In the Reggio Emilia philosophy, there are two major principles woven together: Emergent Curriculum and Project Approach. The teacher’s role in an Emergent Curriculum classroom is to observe the curiosities of children and guide them using projects inspired by the children's interests. Project Approach is an in-depth study of concepts and ideas based on information gathered from children’s interests. Teachers act as facilitators helping children decide the direction for their project, how to represent what they learn, and what materials are needed for the final product. At Raintree, our students are the drivers, our teachers are the vehicles, and projects are the roads that are taken.

In the beginning months of preschool, my class, The Big and Little Buttons, displayed a great interest in the culinary world. Our students were often found crafting a chocolate dessert or complex pasta dish in our outdoor mud kitchen. They loved to serve said creations to their beloved grownups who were more than delighted to take a large, pretend chomp of their delicious meal. Through their play, our students decided that our fall semester project would be baking and cooking. 

It was up to my co-teacher and I to plan provocations and stir up (sorry, had to) activities relevant to these intrigues. Our goal for the fall of 2023 semester was to infuse literacy, play, science, music, art, and more into the baking project. Community chefs were brought into the class to share knowledge. Baking stories and children’s cookbooks were checked out from the library for further research. Pots and pans were placed on classroom shelves to further inspire play. Children were given various food ingredients to “cook” with. Noodles, rice, and glue were provided as an art invitation. Musical instruments were made out of sprinkles and jars.

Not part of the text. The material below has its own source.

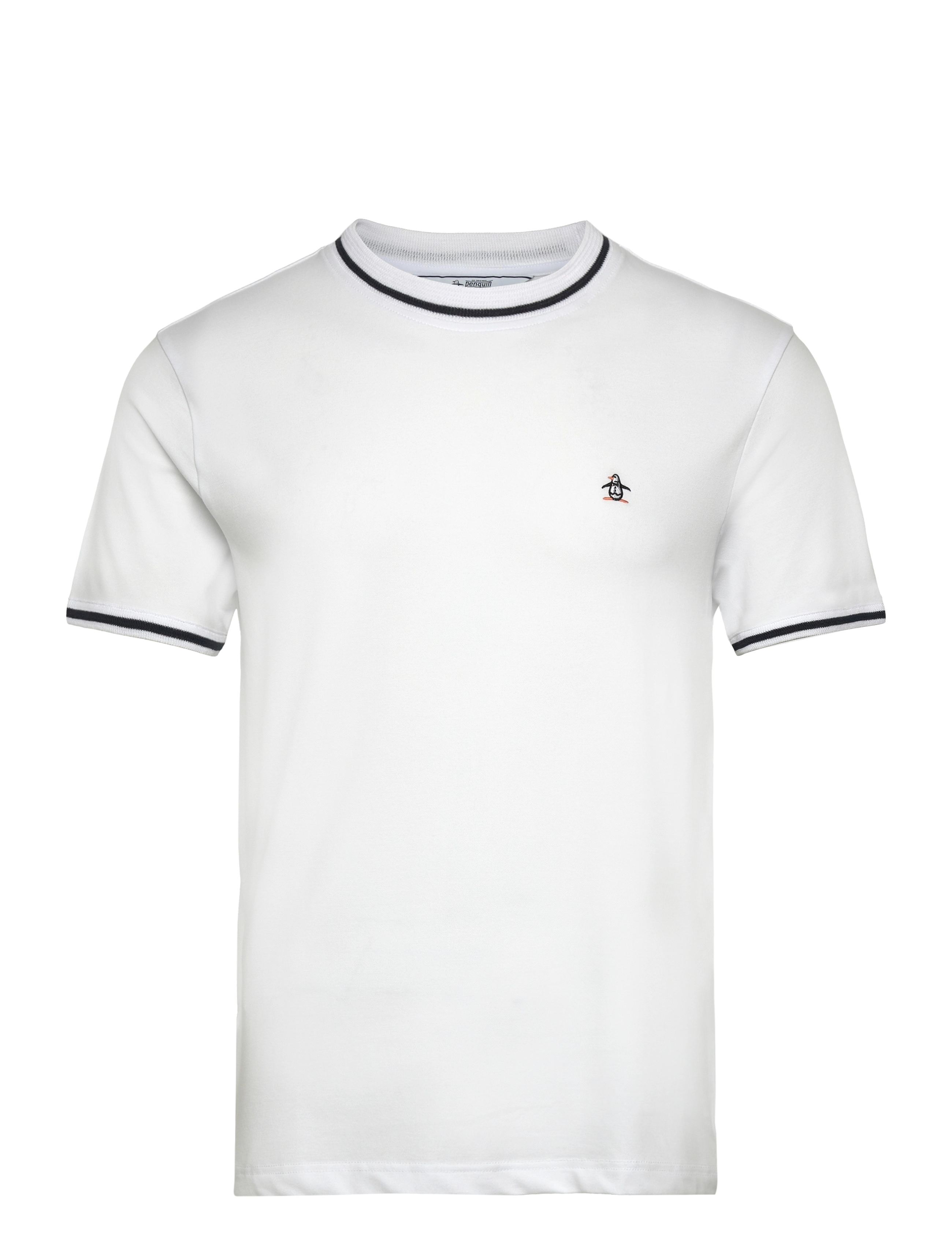 BRIGHT WHITE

Often called “the third teacher” within the Reggio Emilia approach, the environment, whether in the classroom, on the playscape, or in our 11-acre forest, is another major facet of the Raintree experience. What better way to learn about baking than at a bakery? We trekked to our local bakery to tour and immerse ourselves in the world of ovens, flour, and cupcakes. The children were able to see various baking machines and tools and use piping bags to design their own cupcakes.

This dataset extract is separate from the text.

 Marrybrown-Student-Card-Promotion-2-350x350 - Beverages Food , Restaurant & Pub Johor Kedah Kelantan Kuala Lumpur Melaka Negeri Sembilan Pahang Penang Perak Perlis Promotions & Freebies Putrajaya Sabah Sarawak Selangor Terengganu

After investigating the many different facets of the culinary arts, the students were ready to try their hand at the real thing. We decided to practice by making something that did not require an oven. After each student casted their vote, we had a winner: oreo puppy chow! When making this recipe, we were able to practice measuring, scooping, and most importantly, following a recipe.

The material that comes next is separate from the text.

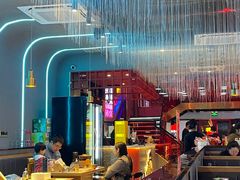 -杨记齐齐哈尔烤肉(总店)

Finally, the kids decided to share their learning and confectionery creations with our school community. We threw a delightful party for our families, baked cakes and cupcakes for our loved ones, sang a baking song, and played Pin-the Sprinkle on the Cupcake. 

Project culminations are a beautiful way to showcase the acquisition of new skills and make learning visible to parents. However, the most meaningful part of a culmination is watching the children overflowing with pride as they see their thoughts and ideas brought to life. It is in these moments that our students have the opportunity to step back, look at all they have accomplished, and truly know that their ideas matter.